CARENCRO, LA (WVUE) - It's a fast-growing sport that lets you strap on a holster and six-shooter and then hop on a horse. Before long, you'll feel like you're watching an old Western cowboy movie. Dave McNamara introduces you to the Blazin' Cajun mounted shooters in tonight's Heart of Louisiana.
It usually starts with a love of horses. Then this Wild West thing starts to happen. And before you know it, you're racing around on horseback, blasting away with a six-shooter.
"I had the horses, but I didn't have the guns - no experience with guns - and the first time I shot one, that was it. I was addicted," said Julie Vincent.
Vincent, of Sulphur, has only been doing this for a few years. But Chuck Duncan is one of the top mounted shooters in Louisiana, and he competes on a national all-star team.
"Now that I am 65, I don't want to get out and run races, but the horse can run the race and I can concentrate on steering the horse and shooting," Duncan said. "So I'm still involved in the competition, but I don't have to do the really hard part."
Duncan founded the Blazin' Cajun Mounted Shooters Club in 2005, but it all began out West.

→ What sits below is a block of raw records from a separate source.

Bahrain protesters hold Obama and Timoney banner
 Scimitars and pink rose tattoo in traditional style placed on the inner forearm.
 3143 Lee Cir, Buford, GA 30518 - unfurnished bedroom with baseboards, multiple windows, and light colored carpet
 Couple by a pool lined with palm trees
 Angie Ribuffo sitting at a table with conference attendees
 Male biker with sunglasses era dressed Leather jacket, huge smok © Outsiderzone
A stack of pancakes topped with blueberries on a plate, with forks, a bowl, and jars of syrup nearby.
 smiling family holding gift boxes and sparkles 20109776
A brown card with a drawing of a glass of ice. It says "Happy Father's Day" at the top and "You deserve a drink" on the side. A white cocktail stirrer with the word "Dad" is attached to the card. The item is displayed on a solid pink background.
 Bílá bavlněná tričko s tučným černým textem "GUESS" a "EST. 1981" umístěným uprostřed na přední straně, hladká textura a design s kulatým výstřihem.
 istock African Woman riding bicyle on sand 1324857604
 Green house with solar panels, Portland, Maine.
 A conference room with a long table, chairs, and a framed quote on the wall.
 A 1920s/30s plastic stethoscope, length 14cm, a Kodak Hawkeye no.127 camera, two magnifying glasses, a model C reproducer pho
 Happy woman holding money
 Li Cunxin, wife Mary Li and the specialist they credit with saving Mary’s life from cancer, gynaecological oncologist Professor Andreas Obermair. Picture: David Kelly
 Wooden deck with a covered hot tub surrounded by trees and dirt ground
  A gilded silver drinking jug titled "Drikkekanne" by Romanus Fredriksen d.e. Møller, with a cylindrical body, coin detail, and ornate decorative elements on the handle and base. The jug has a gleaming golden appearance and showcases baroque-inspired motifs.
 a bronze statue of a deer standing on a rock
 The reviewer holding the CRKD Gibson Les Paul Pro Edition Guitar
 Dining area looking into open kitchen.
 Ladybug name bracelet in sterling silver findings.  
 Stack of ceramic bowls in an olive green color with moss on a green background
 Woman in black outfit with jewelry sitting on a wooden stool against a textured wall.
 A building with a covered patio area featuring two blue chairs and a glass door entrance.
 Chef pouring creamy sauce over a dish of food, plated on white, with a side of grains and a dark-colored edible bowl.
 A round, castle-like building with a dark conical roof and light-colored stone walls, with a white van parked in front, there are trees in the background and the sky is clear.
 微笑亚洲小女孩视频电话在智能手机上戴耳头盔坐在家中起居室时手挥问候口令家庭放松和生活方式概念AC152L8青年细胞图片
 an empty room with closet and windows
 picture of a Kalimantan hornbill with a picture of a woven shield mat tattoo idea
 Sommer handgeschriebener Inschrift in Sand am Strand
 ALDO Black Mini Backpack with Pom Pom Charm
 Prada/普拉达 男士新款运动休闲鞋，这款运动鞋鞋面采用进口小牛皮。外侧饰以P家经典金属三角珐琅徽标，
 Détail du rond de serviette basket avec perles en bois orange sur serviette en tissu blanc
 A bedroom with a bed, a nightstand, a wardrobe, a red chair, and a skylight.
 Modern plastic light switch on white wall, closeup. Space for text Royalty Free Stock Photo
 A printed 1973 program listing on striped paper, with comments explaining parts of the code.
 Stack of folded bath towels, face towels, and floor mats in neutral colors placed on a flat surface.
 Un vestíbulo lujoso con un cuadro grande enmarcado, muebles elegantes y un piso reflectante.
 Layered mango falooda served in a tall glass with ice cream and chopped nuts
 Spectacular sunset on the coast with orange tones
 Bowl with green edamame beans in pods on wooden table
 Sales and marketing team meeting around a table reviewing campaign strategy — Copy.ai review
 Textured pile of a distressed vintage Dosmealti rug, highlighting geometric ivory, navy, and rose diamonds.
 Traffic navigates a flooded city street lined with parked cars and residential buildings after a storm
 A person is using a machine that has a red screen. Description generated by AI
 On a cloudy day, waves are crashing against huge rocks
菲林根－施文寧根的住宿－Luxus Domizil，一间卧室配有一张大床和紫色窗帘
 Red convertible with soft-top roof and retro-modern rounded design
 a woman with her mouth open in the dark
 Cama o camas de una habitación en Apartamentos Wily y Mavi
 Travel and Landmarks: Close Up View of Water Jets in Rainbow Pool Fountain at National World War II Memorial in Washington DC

The sport was started about 20 years ago in Arizona by a rancher who enjoyed competing with his buddies shooting bottles off of a fence with live ammunition.
"So we use a .45-caliber blank with black powder in it, and the black powder is what breaks the balloon when we shoot," Duncan said. "It will shoot about 20 feet."
In competitions, the course and patterns of targets are frequently changed to test the riders' skills.
"The hardest part for me in the beginning was remembering where to be," said Cindy Nielsen. "Remembering the pattern, because each one has a specific what you have to run through it."
The competition is timed with thousandths of a second separating the top shooters.
But you also have to be close enough to make sure you shoot the balloons because it's a five-second penalty if you miss a target," Duncan said. "And that, you can't outrun that miss."
"The hardest part is staying focused and hitting your target while on your horse and trying to stay concentrated on your pattern," Vincent said.
"A well-trained horse responds to touch by your rein hand, touch with your calves and your feet and your butt, basically," Nielsen said.
The Blazin Cajun shooters practice at this Carencro farm every weekend, except when they're off at a competition. Getting in sync with their horses, trying to concentrate and not to miss hitting a single balloon.
The mounted shooters claim they are the fastest-growing equine competition sport, with more than 10,000 members in the U.S. and around the world.